The advent of new technology such as underwater drones and robots is also speeding up the mapping process.
A global competition hosted by energy giant Shell – the Shell Ocean Discovery XPRIZE – is also underway, offering US$7 million to teams that can develop technologies to conduct ocean exploration autonomously, rapidly and to a high resolution.
A team from Seabed 2030 has reached the final stages of the competition with an idea based on remotely operated robots working in extreme depths to map territory independently.
Exploring Earth’s final frontier will do more than satisfy scientific curiosity – it should bring economic benefits too.
More than 90 per cent of the world’s trade is carried by sea, according to the International Maritime Organisation (IMO), a UN body, making safe navigation a key motivator for mapping.
“If a ship runs aground it’s a terrible day for the economy, it’s a terrible day for the environment and it’s a bad day for the captain too,” said Dr Mayer.
Seabed 2030’s map would have other benefits, experts said – in a warming world it would provide a better idea of sea levels as ice melts and, importantly, warn about impending tsunamis that could devastate coastal communities.
They said it would also help the so-called “blue economy” as countries and companies seek to protect or exploit deep-sea resources – from exploring for oil and gas to installing wind farms or laying fibre-optic cables for the Internet.
That is predicted to become more important in the coming years, according to the Organisation for Economic Cooperation and Development (OECD).
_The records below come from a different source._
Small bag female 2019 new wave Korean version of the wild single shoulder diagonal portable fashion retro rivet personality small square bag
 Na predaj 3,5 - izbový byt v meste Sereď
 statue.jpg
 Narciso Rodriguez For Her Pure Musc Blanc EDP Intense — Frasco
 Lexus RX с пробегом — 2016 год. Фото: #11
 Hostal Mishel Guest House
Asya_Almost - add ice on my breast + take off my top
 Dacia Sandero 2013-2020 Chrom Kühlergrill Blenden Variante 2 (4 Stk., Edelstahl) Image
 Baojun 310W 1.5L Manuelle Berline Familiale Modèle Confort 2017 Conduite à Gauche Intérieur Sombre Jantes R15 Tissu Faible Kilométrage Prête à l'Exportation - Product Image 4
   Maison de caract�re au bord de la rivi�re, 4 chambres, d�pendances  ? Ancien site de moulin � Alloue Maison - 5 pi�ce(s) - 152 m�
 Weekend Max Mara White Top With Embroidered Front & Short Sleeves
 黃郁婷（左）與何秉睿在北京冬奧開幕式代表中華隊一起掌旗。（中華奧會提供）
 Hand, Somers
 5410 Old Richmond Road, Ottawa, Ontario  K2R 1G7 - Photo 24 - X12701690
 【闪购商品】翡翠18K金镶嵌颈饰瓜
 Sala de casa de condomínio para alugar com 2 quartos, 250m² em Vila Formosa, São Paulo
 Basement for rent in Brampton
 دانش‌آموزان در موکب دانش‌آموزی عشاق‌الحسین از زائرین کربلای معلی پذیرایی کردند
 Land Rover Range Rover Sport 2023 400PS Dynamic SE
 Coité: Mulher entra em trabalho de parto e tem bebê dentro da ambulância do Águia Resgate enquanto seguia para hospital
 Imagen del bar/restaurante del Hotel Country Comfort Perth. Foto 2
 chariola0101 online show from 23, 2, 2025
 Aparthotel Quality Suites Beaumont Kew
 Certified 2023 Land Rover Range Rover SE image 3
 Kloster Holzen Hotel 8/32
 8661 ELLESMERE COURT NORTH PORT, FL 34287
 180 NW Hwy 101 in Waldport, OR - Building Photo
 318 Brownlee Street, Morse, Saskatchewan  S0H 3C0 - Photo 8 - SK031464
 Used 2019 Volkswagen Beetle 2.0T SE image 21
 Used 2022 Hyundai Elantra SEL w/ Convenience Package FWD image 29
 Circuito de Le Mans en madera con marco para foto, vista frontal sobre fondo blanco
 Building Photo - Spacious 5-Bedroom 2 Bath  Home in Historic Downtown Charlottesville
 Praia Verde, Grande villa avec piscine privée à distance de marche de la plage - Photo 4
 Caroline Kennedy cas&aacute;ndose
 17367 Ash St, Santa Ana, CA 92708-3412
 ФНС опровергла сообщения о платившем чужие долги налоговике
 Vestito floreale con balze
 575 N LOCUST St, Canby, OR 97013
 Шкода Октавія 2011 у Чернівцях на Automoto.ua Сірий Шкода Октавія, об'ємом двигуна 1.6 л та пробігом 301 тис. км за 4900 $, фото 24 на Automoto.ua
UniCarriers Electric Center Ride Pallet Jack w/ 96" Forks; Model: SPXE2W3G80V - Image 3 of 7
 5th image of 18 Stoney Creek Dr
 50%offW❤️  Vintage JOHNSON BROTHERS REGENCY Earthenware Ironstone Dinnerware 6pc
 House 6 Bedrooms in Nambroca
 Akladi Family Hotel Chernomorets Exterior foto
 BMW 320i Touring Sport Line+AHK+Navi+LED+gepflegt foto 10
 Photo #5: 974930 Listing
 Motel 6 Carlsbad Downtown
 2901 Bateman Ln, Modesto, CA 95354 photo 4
It expects the ocean economy to contribute US$3 trillion to the world economy by 2030, up from US$1.5 trillion in 2010.
Some parts of the oceans – the east coast of the United States, areas around Japan, New Zealand and Ireland – are relatively well mapped, experts said. Others, including the West African coast or that off the Caribbean, remain largely blank.
The introduction of the 1982 United Nations Convention on the Law of the Sea (UNCLOS), an international treaty, allowed countries to determine their continental shelves and exclusive economic zones – legitimate territorial claims off their coasts.
It also spurred a rush to map and claim land, said Dr Larter.
“That’s the biggest land grab in recent history,” he said.
For Mr Julian Barbiere of Unesco’s Intergovernmental Oceanographic Commission, it would be a “paradox” if, after collaboration at a scientific and technical level to share data, countries used that knowledge against each other in geopolitical spats.
“There are already tensions in some parts of the world, and one of the reasons for that is access to resources,” he said.
Some countries, he added, are reluctant to give up strategic proprietary data to the Seabed 2030 project, largely due to national security concerns or in areas with sensitive geopolitical tensions, such as the South China Sea.
“There is already a lot of data which is sitting there, but it’s not being released. We hope to change attitudes and to really get countries to contribute,” Mr Barbiere said.
The next phase of the project, he said, is to encourage data donors and crowd-sourcing – not just from exploration vessels but from cargo ships, recreational sea-users and fishing boats.
“(It) goes back to this principle: the ocean is an international space by definition… part of the common heritage of mankind,” he said.
Looking ahead, in a bid to meet the UN Sustainable Development Goal 14 – to conserve and sustainably use the oceans – mapping will take centre stage during negotiations due to be completed by 2020, as nations create a new, legally binding treaty to protect the high seas.
“There are so many benefits to knowing more about the ocean floor,” Mr Hasebe said.
“Humanity as a whole would be able to benefit.”